Les gays et les lesbiennes sont plutôt bien placés dans la société moderne. Même quand ils sont précaires, ils sont souvent moins précaires que les autres. Quand ils sont stigmatisés, ils le sont souvent moins que ceux qui ont le malheur d’avoir la peau foncée. Même dans les temps les plus durs, la mobilité des gays leur permet de s’échapper du fardeau familial, et c’est ce que des milliers de personnes LGBT font chaque année. Ils quittent leur famille. Cette liberté homosexuelle, c’est un avantage qui permet de dire aux autres, quand on n’a plus d’arguments : « Vous faites chier, je pars ».
Bien sûr, de nouvelles formes d’homophobie se sont développées. L’homosexualité dans les cités devrait être au centre du combat LGBT moderne. Pour l’instant, ce combat s’est surtout limité à montrer du doigt les homophobes. Mais on sait que même dans les cités, la perception de l’homosexualité n’est pas aussi primaire qu’on le dit dans les reportages à la télé. Et quand on voit aussi les milliers de profils sur les sites de rencontres identitaires, il faut bien admettre que les gays et les lesbiennes de la génération précédente n’avaient même pas cette chance. Aujourd’hui, il y a plein de jeunes blacks gays qui veulent sortir avec leurs semblables. Chez les Beurs, c’est pareil. Et c‘est bien. C’est ce qu’on a vu depuis vingt ans dans les clubs de Londres ou de New York. Enfin, ça arrive en France.

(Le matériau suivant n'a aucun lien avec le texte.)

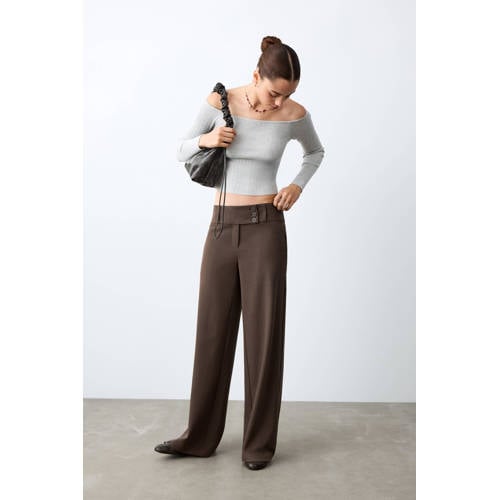 MANGO TEEN straight pantalon donkerbruin Broek Meisjes Polyester Effen - maat 164(S) afbeelding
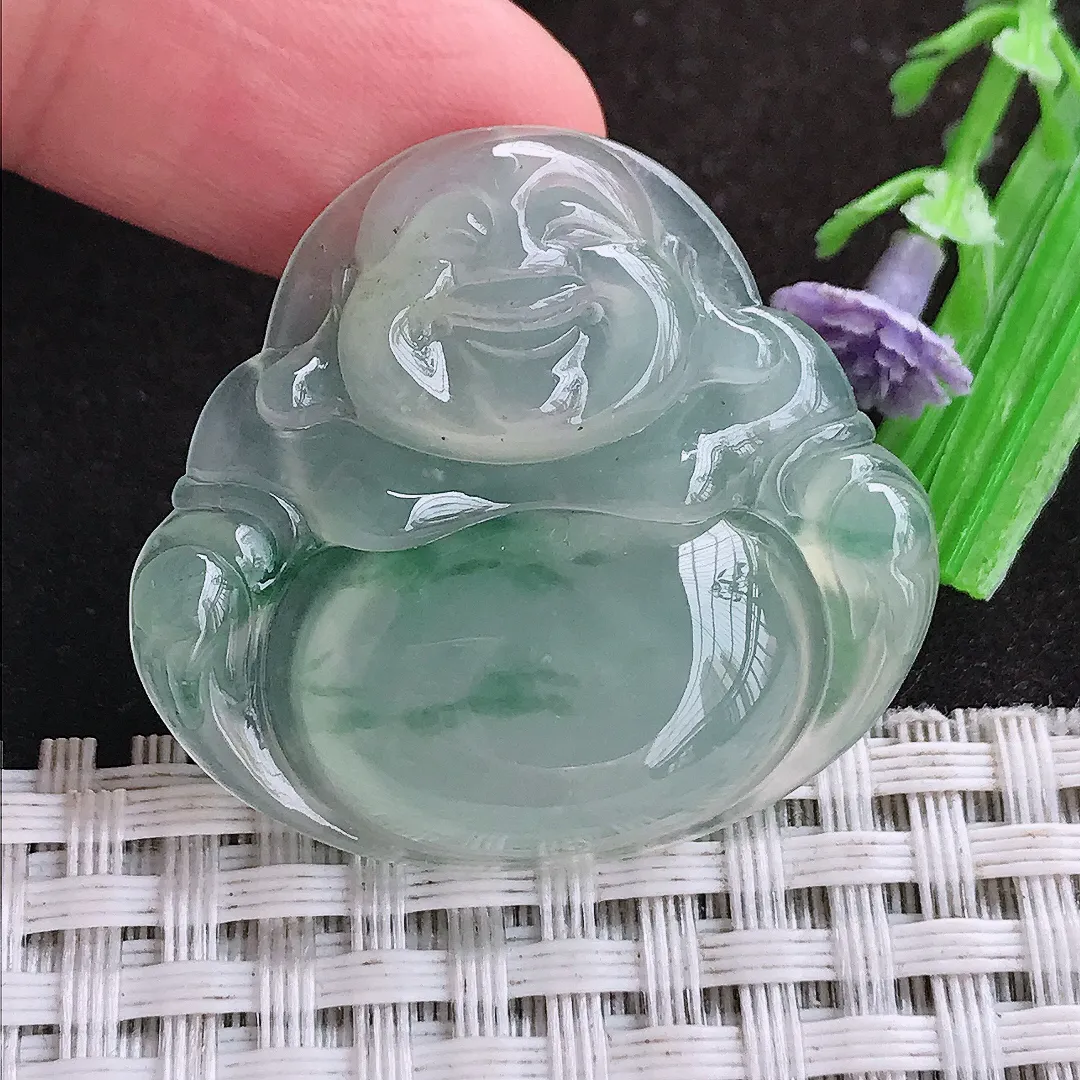 自然光32.3/35.2/5.9老坑冰种果冻胶冰飘花佛公吊坠翡翠玉佛挂件百搭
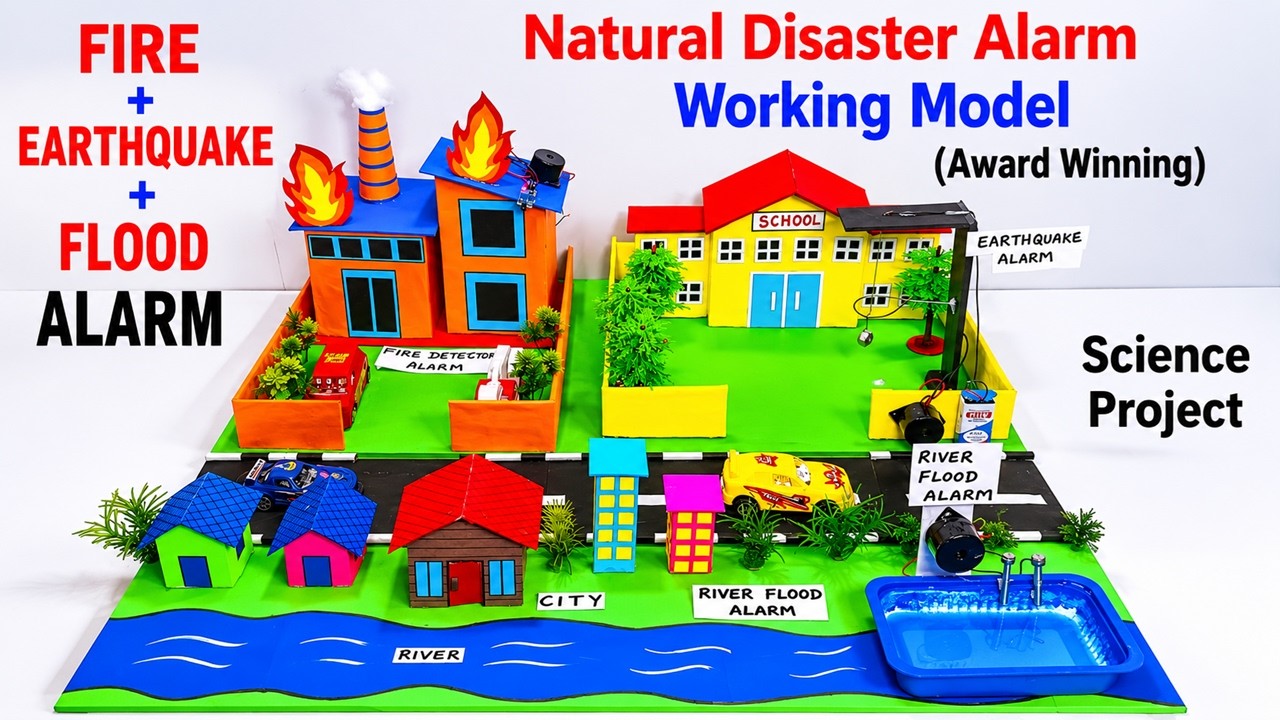 natural disaster alert alarm working models (flood - earthquake - fire sensor) - diy - howtofunda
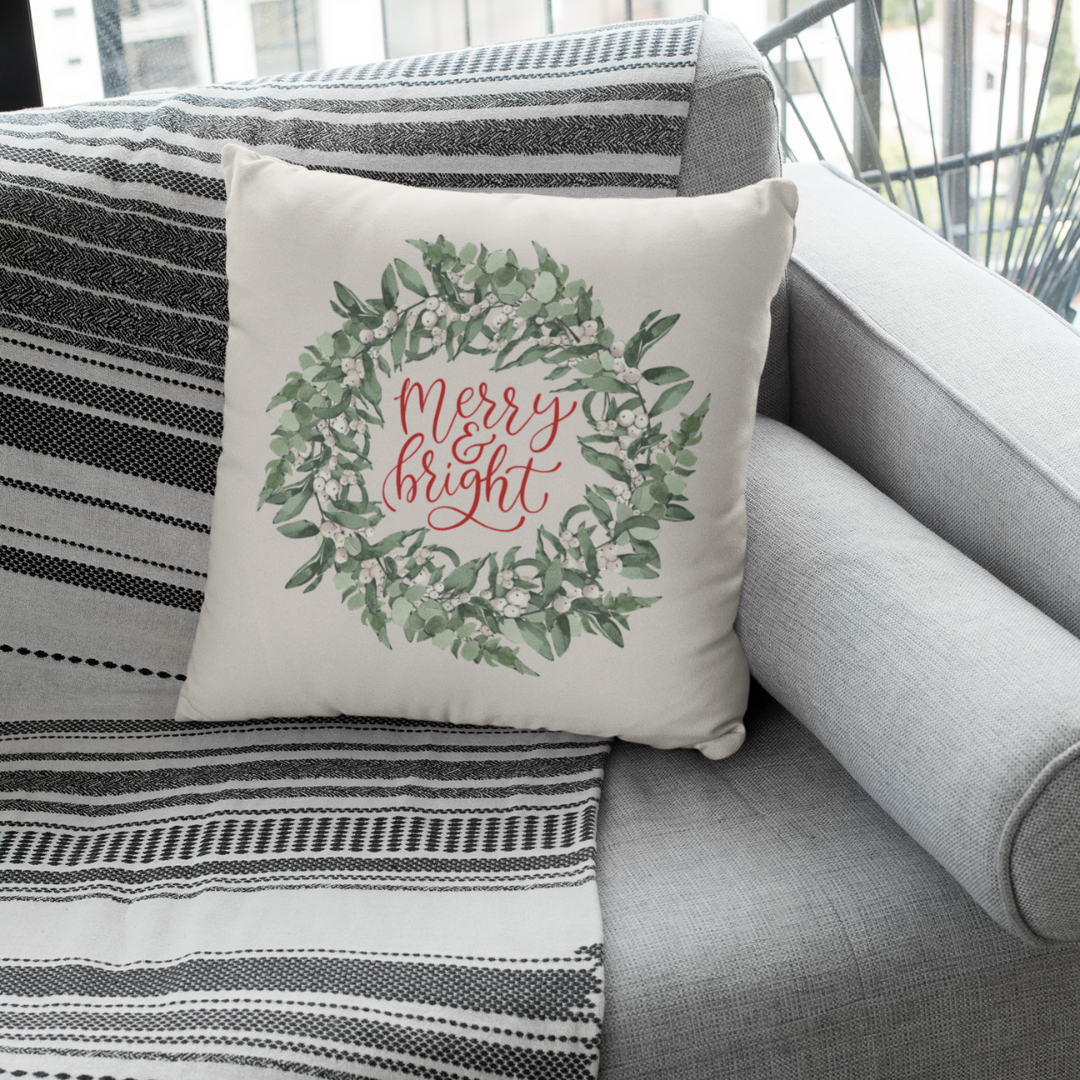 Merry and Bright Wreath Pillow Cover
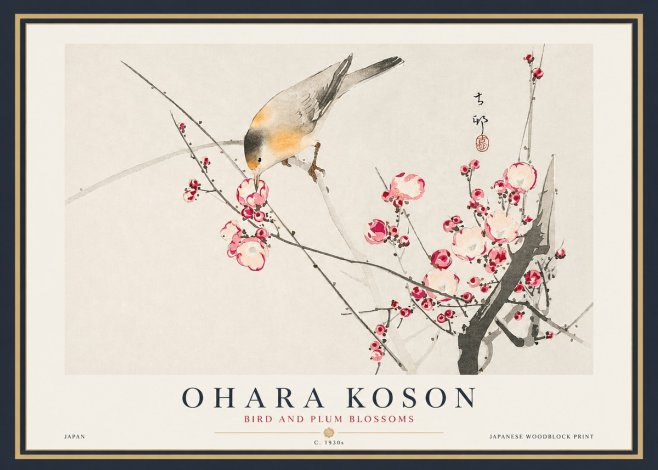 Ohara Koson Bird and Plum Blossoms No4 - Plakát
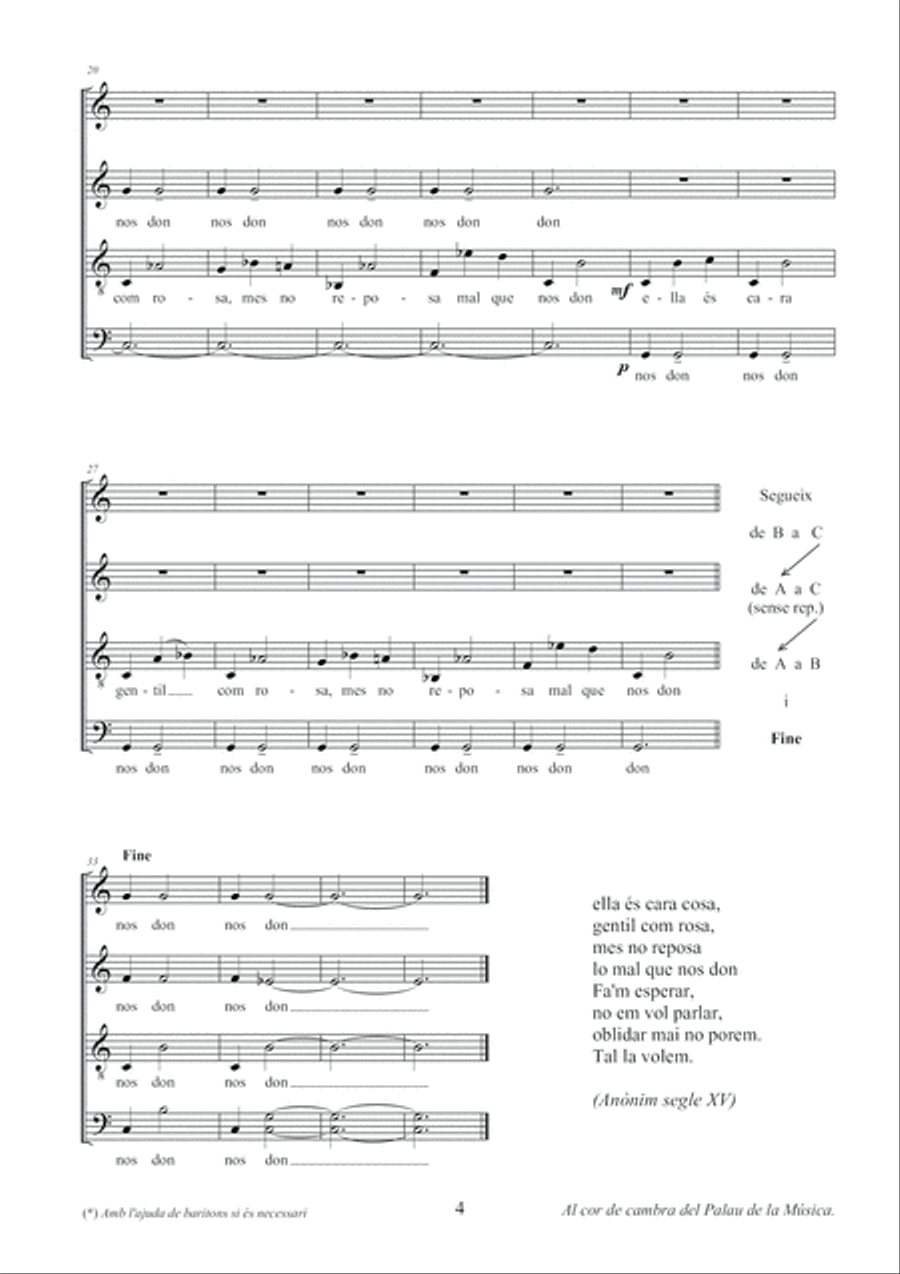 Cara cosa. Olis d'olimpia 4-Part scores gallery preview page 6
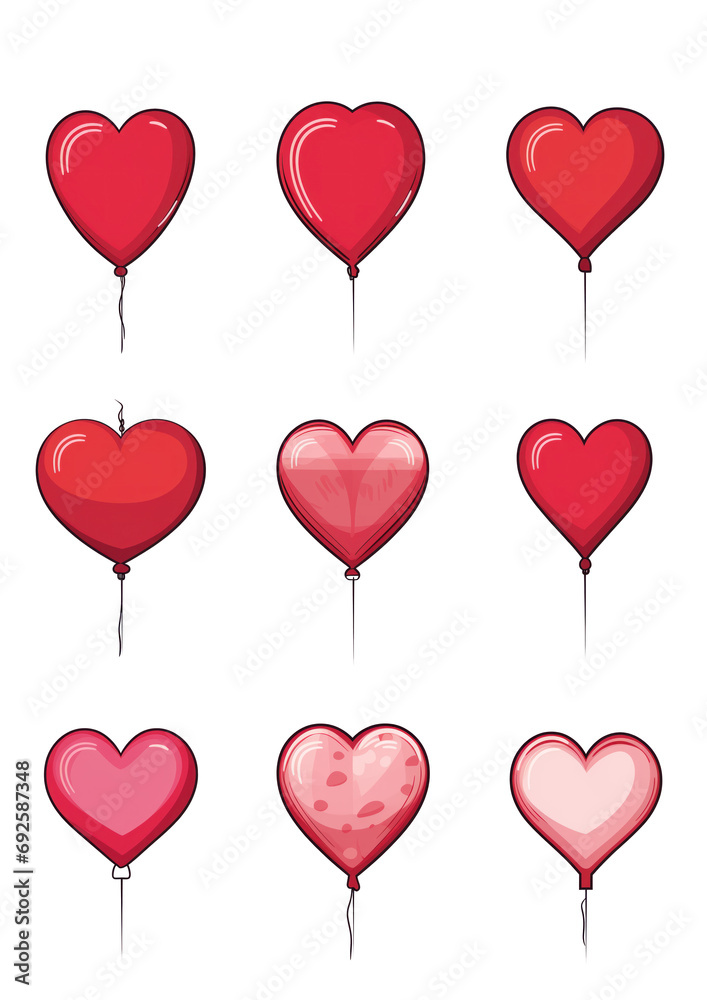 set of valentines love heart illustrations on transparent background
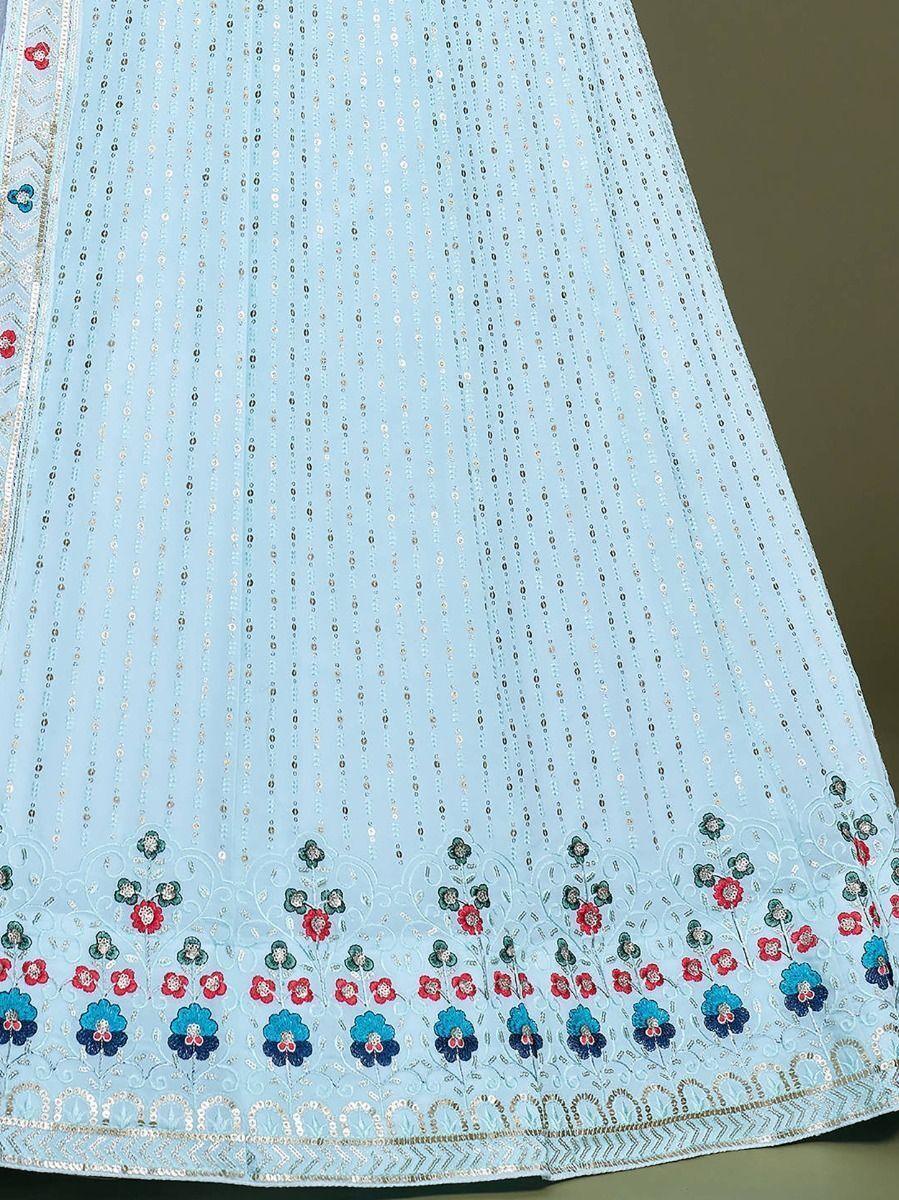 Sky Blue Embroidery Georgette Wedding Wear Lehenga Choli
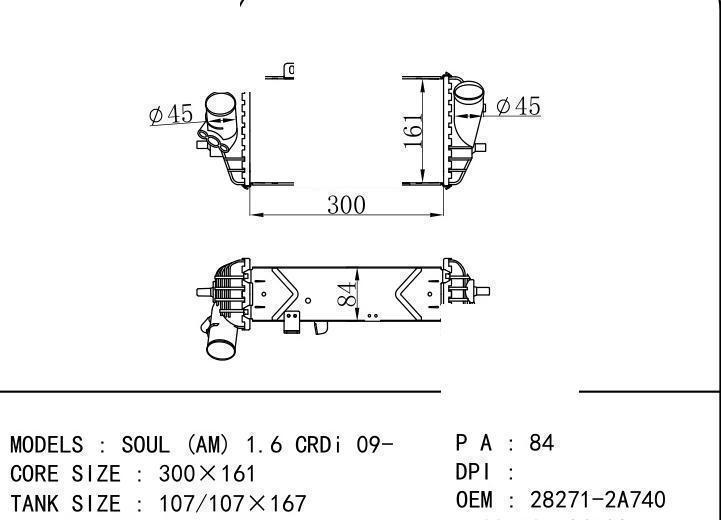 28271-2A740 car Intercooler for HYUNDAI i20 1.1 CRDi 12-/ELANTRA GT (GD) 1.6 CRDi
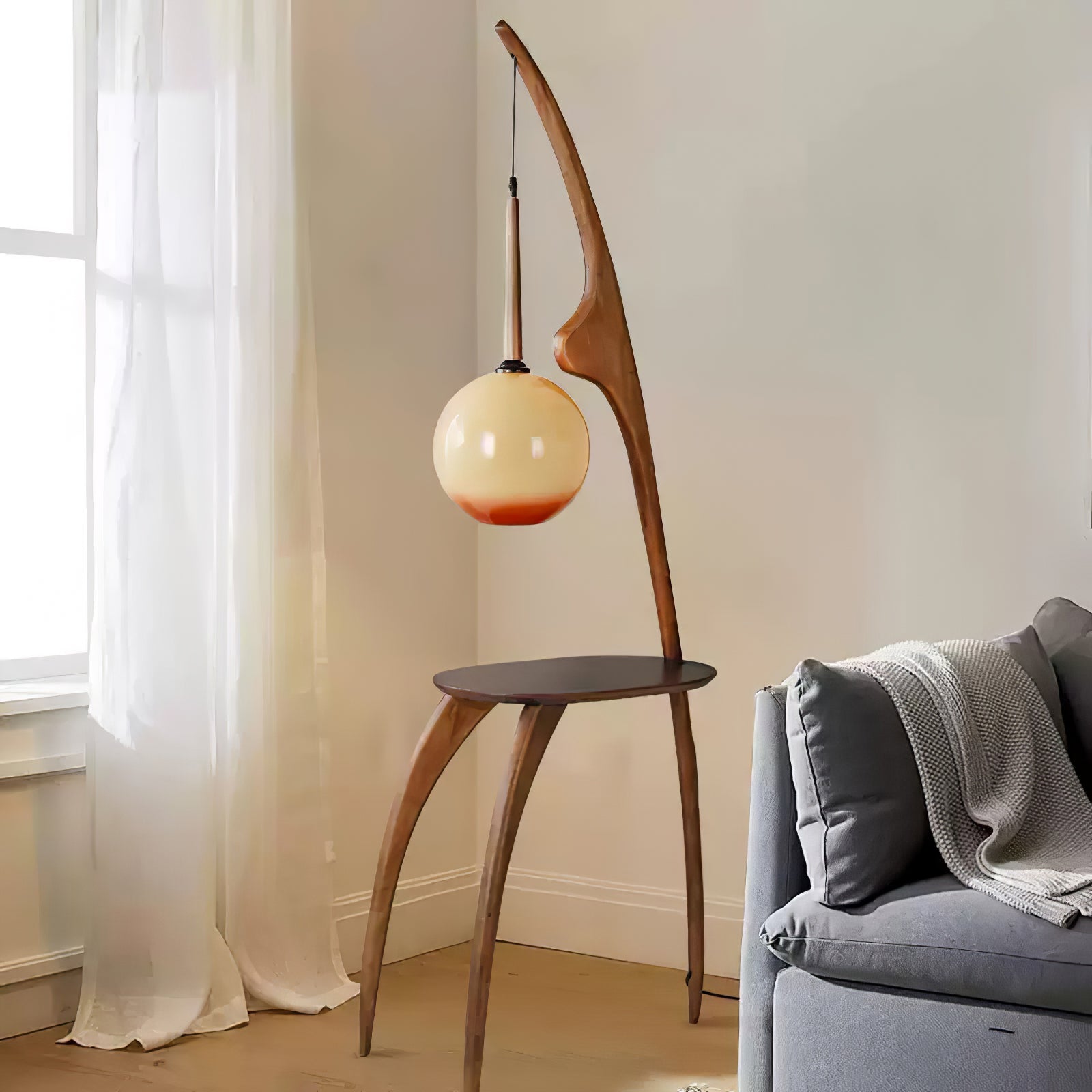 Eloz Curved Mantis Arm Floor Lamp-Neutral Decor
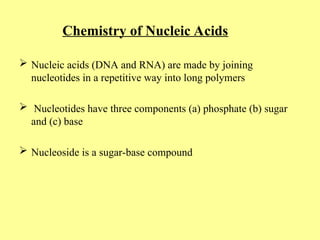 Chemistry of nucleic acid and classification .ppt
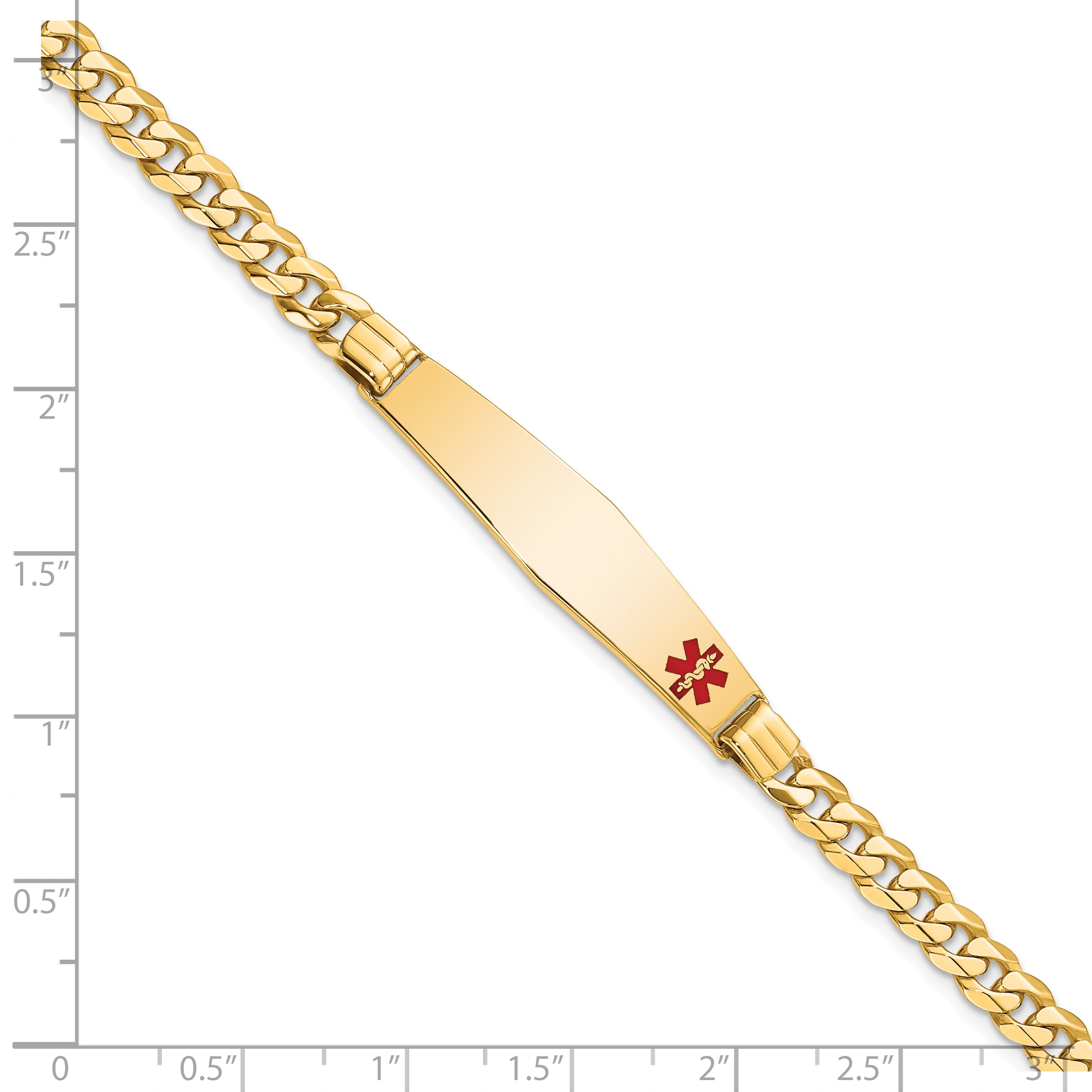 10k Medical Soft Diamond Shape Red Enamel Curb Link ID Bracelet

La vie gay était-elle meilleure avant ? Peut-être pour les Blancs. Pour la nouvelle génération, beaucoup plus mixte, Now is the time. Ces jeunes n’ont jamais été aussi beaux et leur avis n’a jamais autant compté. Que leur manque-t-il pour être heureux ? Pour moi, rien. La crise actuelle, dans la communauté gay ou dans la société, rend encore plus difficile pour trouver un travail et s’affirmer. Mais rien n’empêche ces gays et les lesbiennes de se battre pour obtenir ce qu’ils veulent. Ils peuvent, eux aussi, arracher ce que leurs frères et leurs sœurs ont obtenu, en se battant, pendant la génération précédente. Le futur de la question gay n’est pas chez les Blancs. Le renouvellement, il sera forcément du côté des gays Noirs et Beurs, c’est pour ça qu’ils doivent se battre pour nous obliger à se pousser pour leur laisser la place. Et tant qu’on n’aura pas dit ça, qu’on ne l’aura pas traduit dans les programmes des associations, des Gay Pride et des festivals LGBT, on n’avancera pas sur le combat contre l’homophobie. C’est le vrai underground d’aujourd’hui. Si j’avais 30 ans aujourd’hui, c’est ce que je ferais. Un fanzine comme Butt ou Kaiserin, pour les Blancs, les Beurs, les Noirs gays. Utiliser la crise économique comme levier de pression pour alerter sur des revendications concrètes. Avancer sur les droits des minorités ethniques gays, c’est pour moi beaucoup plus urgent ET intéressant que participer à un combat pour donner son sang. Ou sa moelle osseuse.